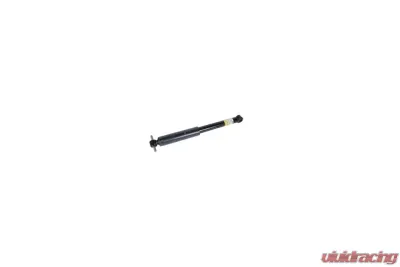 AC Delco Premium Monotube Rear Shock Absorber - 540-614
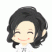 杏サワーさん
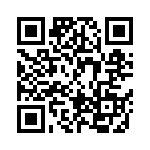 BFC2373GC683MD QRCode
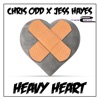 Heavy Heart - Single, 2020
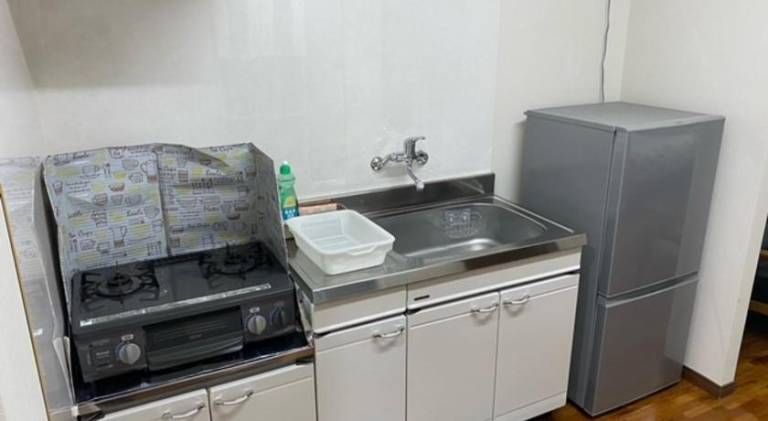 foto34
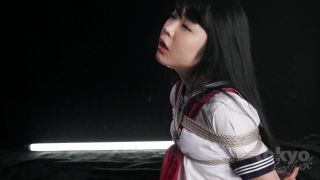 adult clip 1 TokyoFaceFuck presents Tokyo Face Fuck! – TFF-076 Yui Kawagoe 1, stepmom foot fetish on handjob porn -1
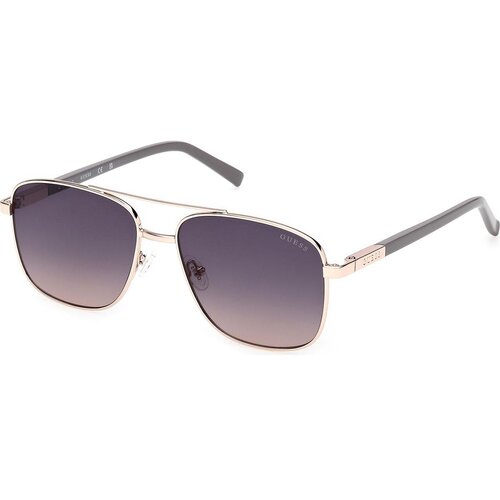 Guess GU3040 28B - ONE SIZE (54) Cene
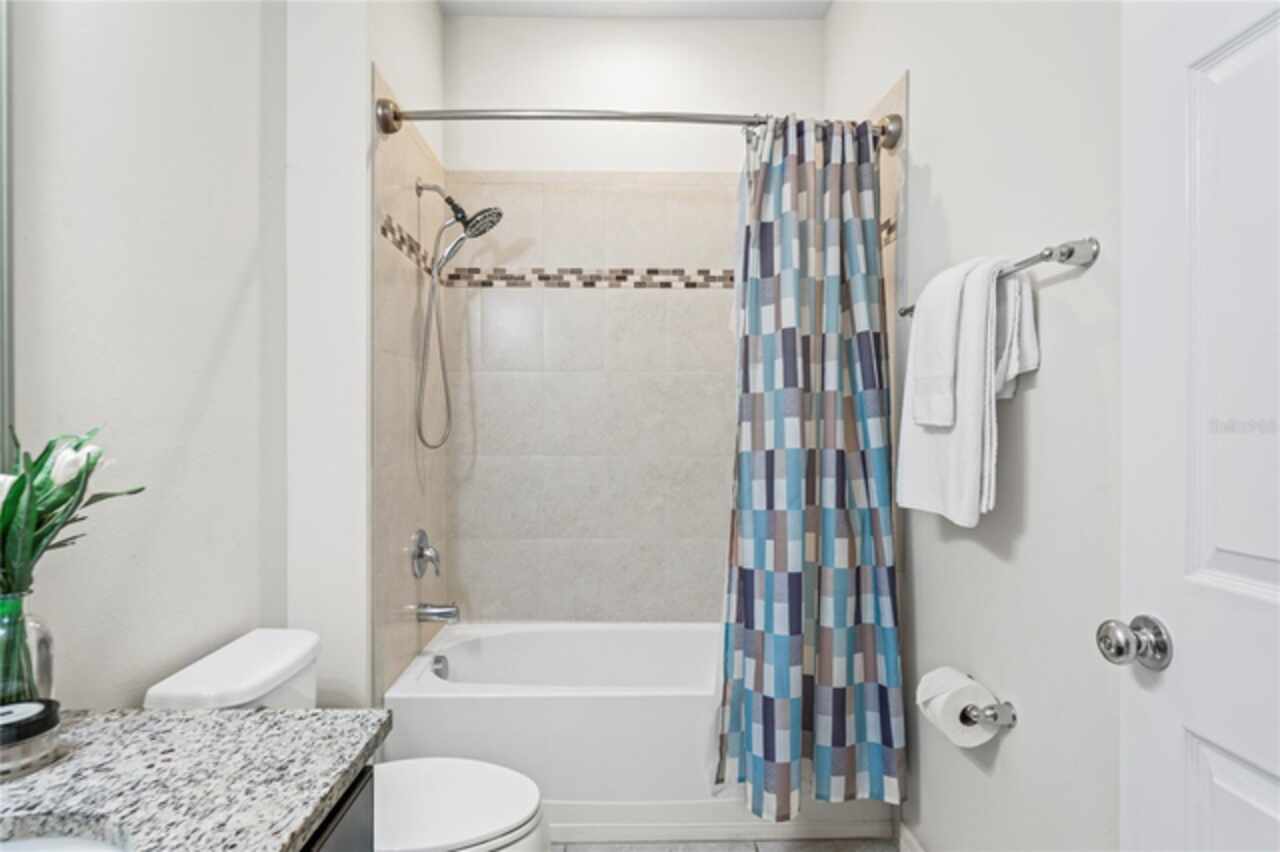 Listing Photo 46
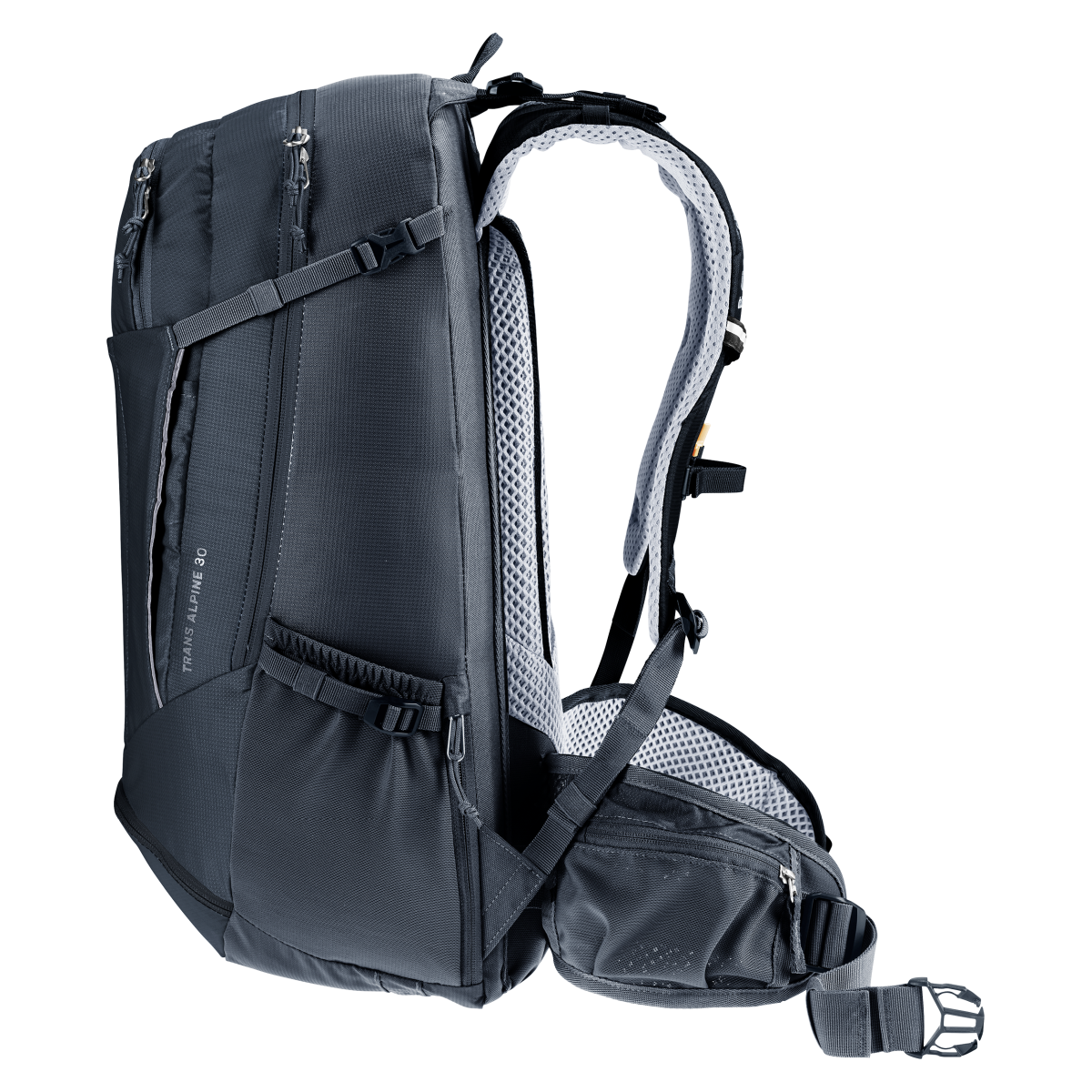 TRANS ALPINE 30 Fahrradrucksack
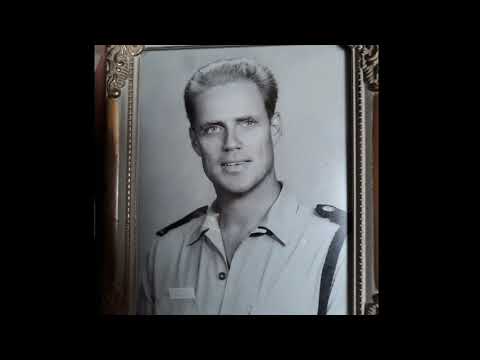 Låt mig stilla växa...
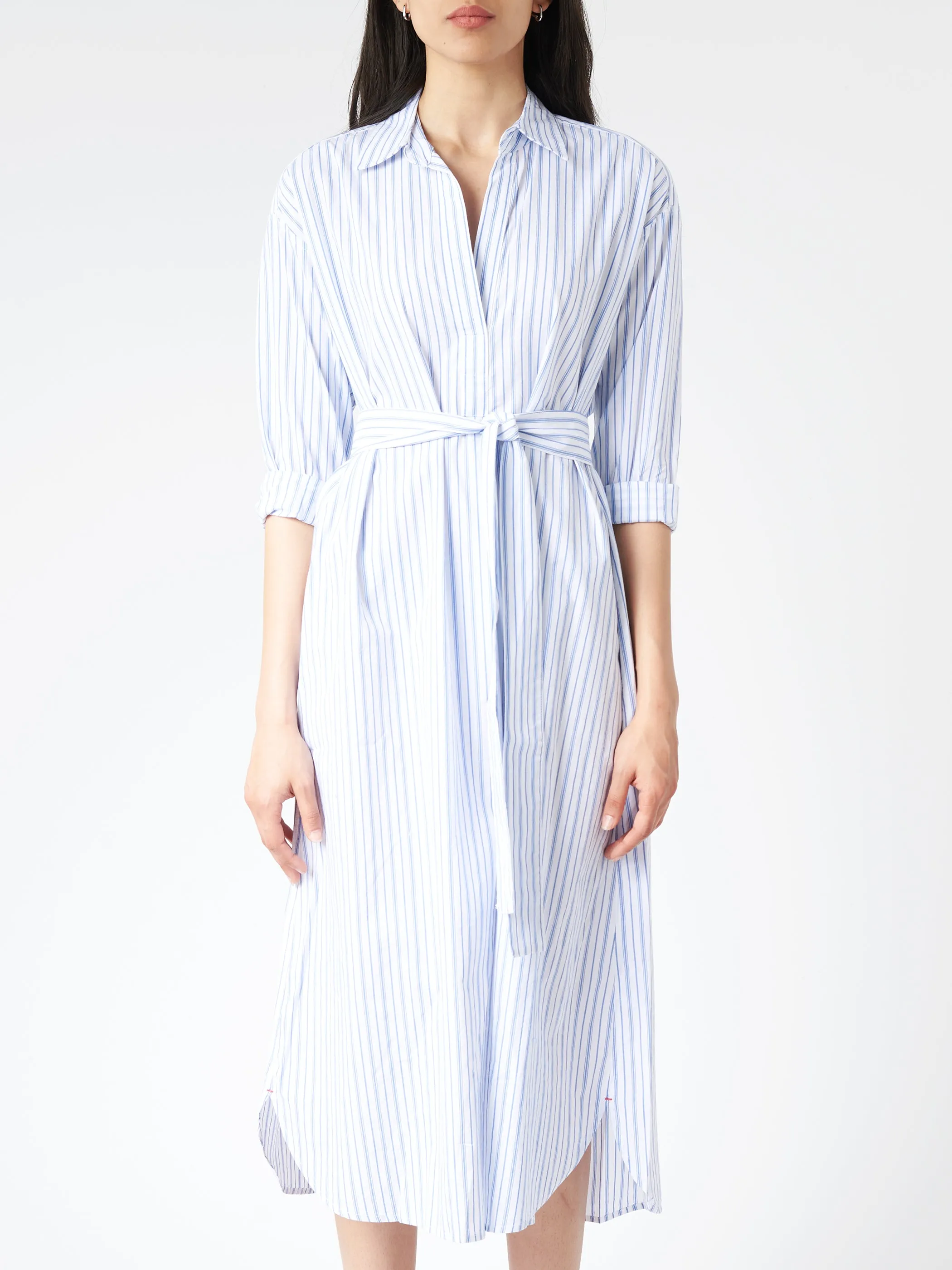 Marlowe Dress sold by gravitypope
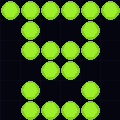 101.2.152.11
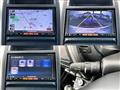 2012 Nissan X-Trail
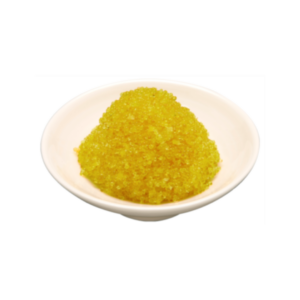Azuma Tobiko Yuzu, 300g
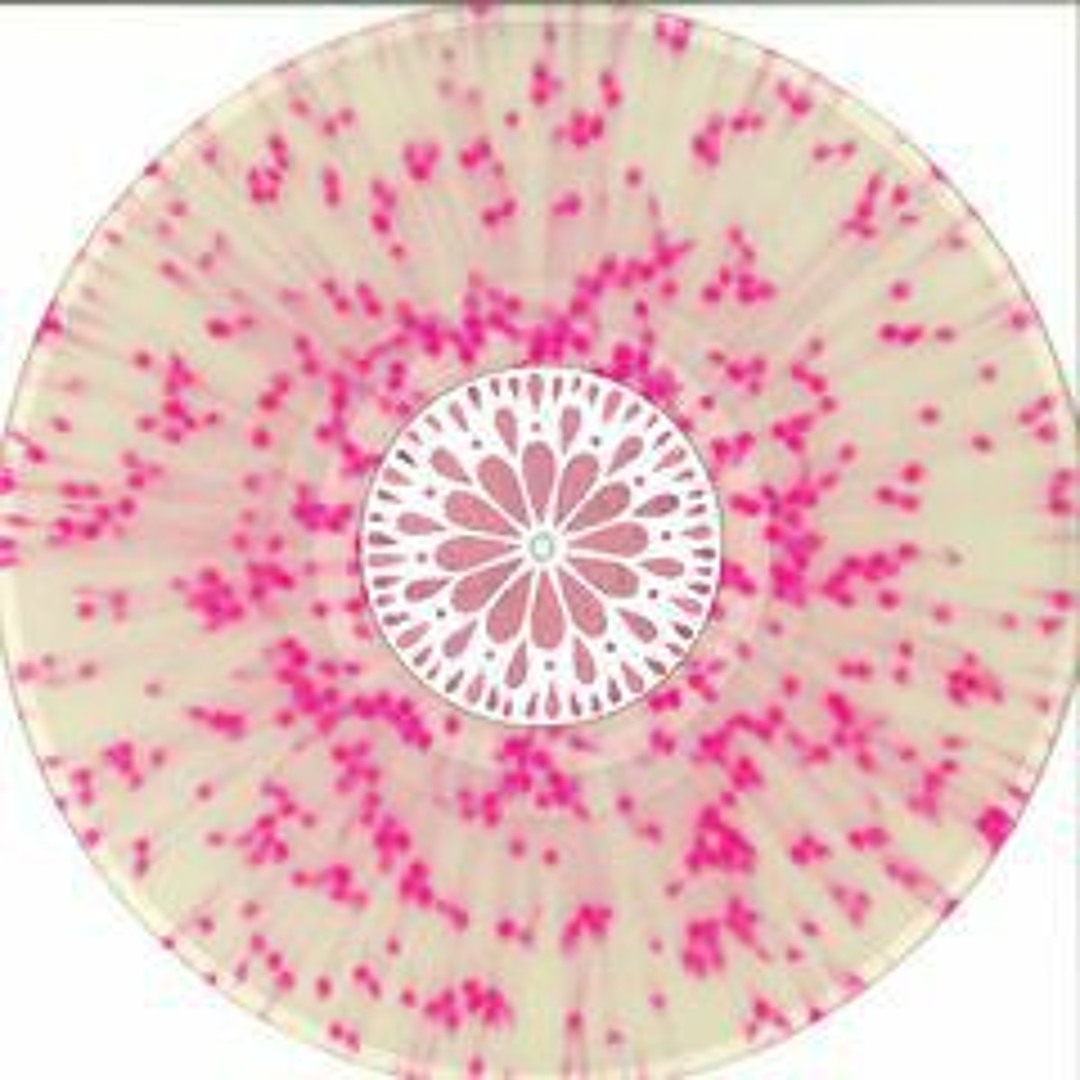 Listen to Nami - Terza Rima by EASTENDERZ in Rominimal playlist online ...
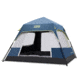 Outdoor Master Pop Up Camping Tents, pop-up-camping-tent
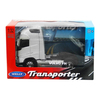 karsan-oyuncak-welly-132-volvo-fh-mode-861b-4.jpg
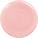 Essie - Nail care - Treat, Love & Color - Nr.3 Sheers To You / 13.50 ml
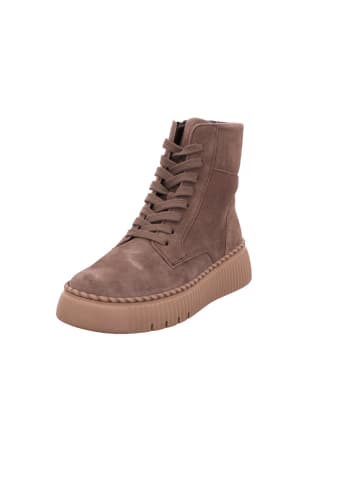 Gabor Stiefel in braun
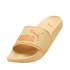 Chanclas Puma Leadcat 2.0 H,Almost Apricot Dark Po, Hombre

+ + + +

**WORK TO COMPLETE:**
Only the lines from the one containing "BFC2373GC683MD QRCode" through the end of the listing should be output, word for word and inclusive; keep pictures out.

**ANSWER FOR THE TASK:**
 BFC2373GC683MD QRCode
 Heavy Heart - Single, 2020
 foto34
 adult clip 1 TokyoFaceFuck presents Tokyo Face Fuck! – TFF-076 Yui Kawagoe 1, stepmom foot fetish on handjob porn -1
 Guess GU3040 28B - ONE SIZE (54) Cene
 Listing Photo 46
 TRANS ALPINE 30 Fahrradrucksack
 Låt mig stilla växa...
 Marlowe Dress sold by gravitypope
 101.2.152.11
 2012 Nissan X-Trail
Azuma Tobiko Yuzu, 300g
 Listen to Nami - Terza Rima by EASTENDERZ in Rominimal playlist online ...
 Outdoor Master Pop Up Camping Tents, pop-up-camping-tent
 karsan-oyuncak-welly-132-volvo-fh-mode-861b-4.jpg
 Essie - Nail care - Treat, Love & Color - Nr.3 Sheers To You / 13.50 ml
 Gabor Stiefel in braun
 Chanclas Puma Leadcat 2.0 H,Almost Apricot Dark Po, Hombre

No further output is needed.